Before 1917, the region was not divided along ethnic lines; but in 1924, Moscow created a Tajik Autonomous Soviet Socialist Republic (ASSR) within the Uzbekistan Soviet Socialist Republic (SSR—that is, a “union republic,” administratively, considered the highest federal entity within the Soviet Union). The Tajik ASSR was not elevated to union republic status until 1929. The situation with the Kyrgyz lands was more complicated. Before the Russian Revolution, the Kyrgyz were known as Kara-Kazakhs. And in 1924, the central authorities created another autonomy, this time within the Russian Soviet Federal Socialist Republic (RSFSR—the precursor of the post-Soviet Russian Federation) and joined the Kyrgyz to it. A year later, in 1925—and this date matters now because of a recent statement made by the Kyrgyz Republic’s former president, Almazbek Atambayev (see below)—the Kremlin corrected this error and transformed the Kyrgyz ASSR into the Kazakh ASSR. What is now Kyrgyzstan became a union republic only in 1936.

These divisions were enshrined in Soviet documents, but the central authorities routinely shifted the borders between these republics for economic convenience, irrigation programs, or even as concessions to favored representatives of the national elites. For the local populations, this seldom mattered because republic borders did not matter that much in the single state that was the Union of Soviet Socialist Republics (USSR). But as a result, both Kyrgyz and Tajiks came to view borders as flexible and something that could be changed for one’s benefit. Since 1991, however, this attitude has become a serious problem.

For much of the 1990s, Tajikistan was embroiled in a civil war and could not address the border issue. But the government of Kyrgyzstan saw a chance: it built new highways to integrate ethnic-Kyrgyz-populated areas and isolate Tajik ones, and generally made it far easier for Kyrgyz near the border to integrate with Kyrgyzstan than for ethnic Tajiks to do the same with Tajikistan. Now, the Tajiks have decided they need to respond. And Atambayev’s latest statement about the borders is widely seen as a match that could set off “the delayed action mine” (News.tj, November 24).
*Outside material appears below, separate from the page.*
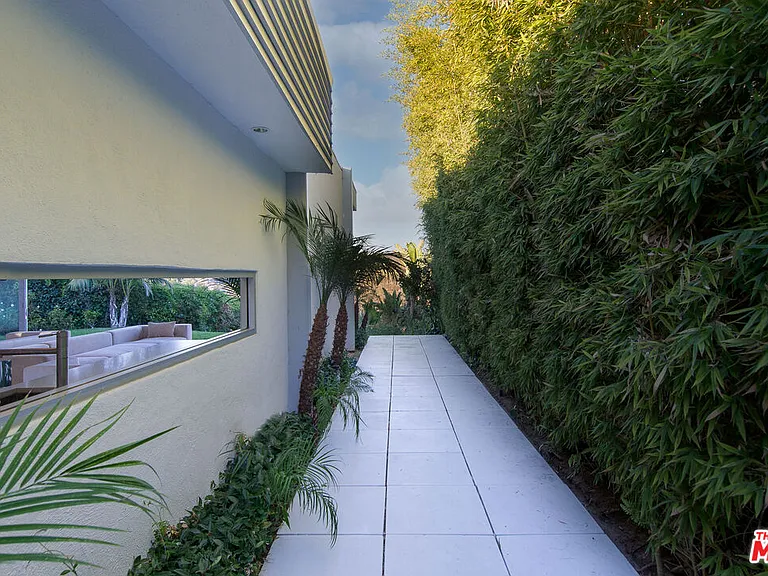 1466 N Bel Air Rd — Photo 30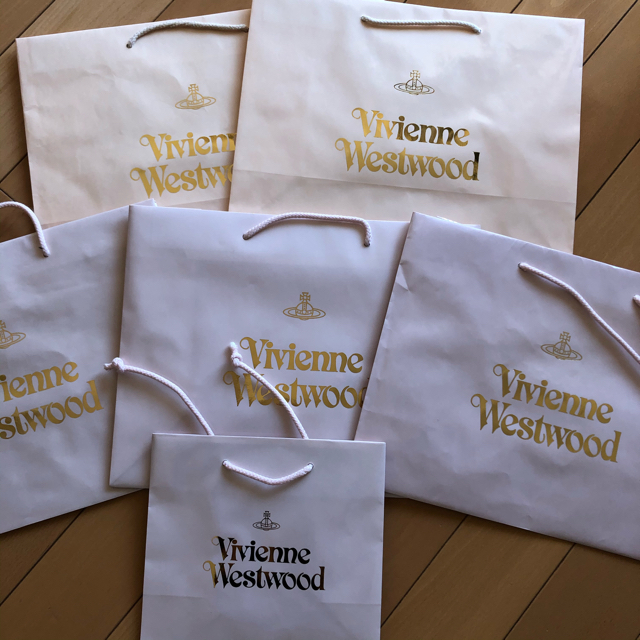 Vivienne Westwood(ヴィヴィアンウエストウッド)のゆう様専用　vivienne ショッパー　限定 レディースのバッグ(ショップ袋)の商品写真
What the Kyrgyzstani leader said seems anodyne enough on its surface. He called for the still non-delimited sections of the border between the two states to be drawn according to the same principles used to draw the portion of the borders they have already agreed to. If that principle were followed, the two would use the maps of 1924, before either was a republic, rather than maps of 1940 and later when they were. The earlier maps show a much larger Kyrgyzstan and the later ones a much smaller one. Not surprisingly, the Tajikistani authorities want to adopt exactly the
opposite approach.

If it were not for the enclaves and for the new roads and irrigation systems, this might simply result in deadlock. But poverty among Tajiks in both Borukh and in the border areas is pushing Dushanbe to use force to demonstrate its commitment. Bishkek will respond. And consequently, a dispute about maps is likely to explode in the coming months into one costing real lives and threatening the stability of these two countries and neighboring Uzbekistan and Kazakhstan as well.